Poi tra il Tirreno e il Gran Sasso – lo dicevamo – è tutto uno susseguirsi di amboni e di cibori. E questa terza direttrice, a sua volta, ha due strade parallele: la prima ci presenta pergami squadrati e decorati a girali e fiori – l’ambone di Casauria, quello di San Pelino, quello di San Liberatore, quello di Bominaco… -; la seconda ci offre invece meravigliosi amboni e meravigliosi cibori realizzati in stucco nel segno di Roberto, Ruggero e Nicodemo: un tratto più popolare, più pittoresco, e insieme più sottile, riempie di tralci sottili e intrecciati, e di omini nudi e di animali, i pulpiti di Santa Maria in Valle Porclaneta, quello di Moscufo, e ancora quello di Cugnoli; compagni di viaggio di questi pulpiti con girali popolati di piccoli uomini e animali sono i cibori di San Clemente al Vomano, di Rosciolo, di Capestrano, di Casauria; e qui, spesso sui capitelli, si incontrano i mascheroni che vomitano fronde, altra figura caratteristica di questa fase della scultura romanica abruzzese. Più rara la scultura descrittiva, che ci lascia poche scene istoriate sul portale a Fossacesia; sull’architrave del portale di Casauria va in scena una grande rappresentazione del potere, e su quello di Caramanico troviamo gli Apostoli piccoli e arrabbiati; indimenticabili sono infine le storie gemelle del profeta Giona, nei pulpiti di Moscufo e di Rosciolo; qui a Santa Maria in Valle Porclaneta, ancora, vediamo le lastre alla base dell’iconostasi, con i loro splendidi animali fantastici. Capitelli? Uno, strepitoso e dalla storia stranissima, si trova a Moscufo; altri, particolarissimi, a Rosciolo, tra cui quello con il leone che dà le terga; e a Casauria, nel grande portico; ma l’Abruzzo, tutto sommato, non è terra di capitelli istoriati.

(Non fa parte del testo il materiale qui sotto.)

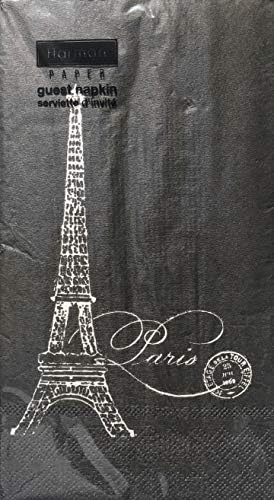 Хартия Harman | Париж | Кърпи за гости Хартиени Салфетки за Шведска маса | Черни | 16-каратные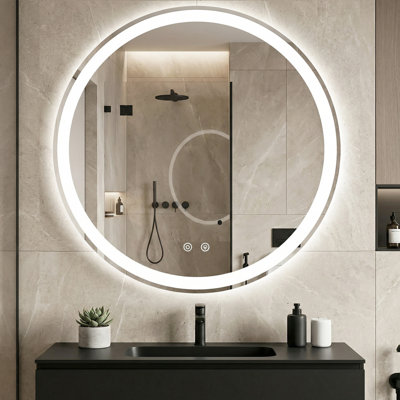 Wall-Mounted Round LED Anti-Fog Bathroom Mirror, Adjustable Brightness and Color Temperature Vanity Mirror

La via degli affreschi, infine. Due cicli vasti estesi e tardi stanno uno a Ronzano, ancora romanico, e uno nella piccola cappella di San Pellegrino a Bominaco, questo però datato alla metà del XIII secolo e privo ormai di vigore, e troppo lindo per non esser definito ormai gotico. E’ particolarissimo, con la sua “cena” che invece è una visione, l’arco trionfale di San Pietro ad Oratorium a Capestrano… Ma per chi cerca la pittura dei secoli alti, del tempo before Chartres, il viaggio in Abruzzo non può non sconfinare in Molise: nell’area archeologica di San Vincenzo al Volturno si veda – aperta ora solo la domenica, e solo su prenotazione! – la splendida “cripta di Epifanio”, con i suoi affreschi altomedievali (ed è forte, giunti qui, la tentazione di attraversare gli Appennini per giungere a Ventaroli, e alla sua Madonna in trono, e infine a Sant’Angelo in Formis e al suo prezioso ciclo di pitture altomedievali).
Una chiesa particolarissima, infine, sembra non essere toccata da nessuna delle quattro rotte che, come abbiamo visto, traversano l’Abruzzo romanico. Perla tra le perle, infatti, San Pietro in Albe ad Alba Fucens non è una grande chiesa, non fa sfoggio dei tipici decori e rilievi vegetali, che siano a fiori o pieni di omini nudi; ha un ambone – è vero – che però sembra appartenere a Roma più che all’Abruzzo; e non possiede affreschi, né antichi né tardi. E però è splendida, e il suo interno, candido e classico, è tra i più belli che il medioevo ci abbia lasciato.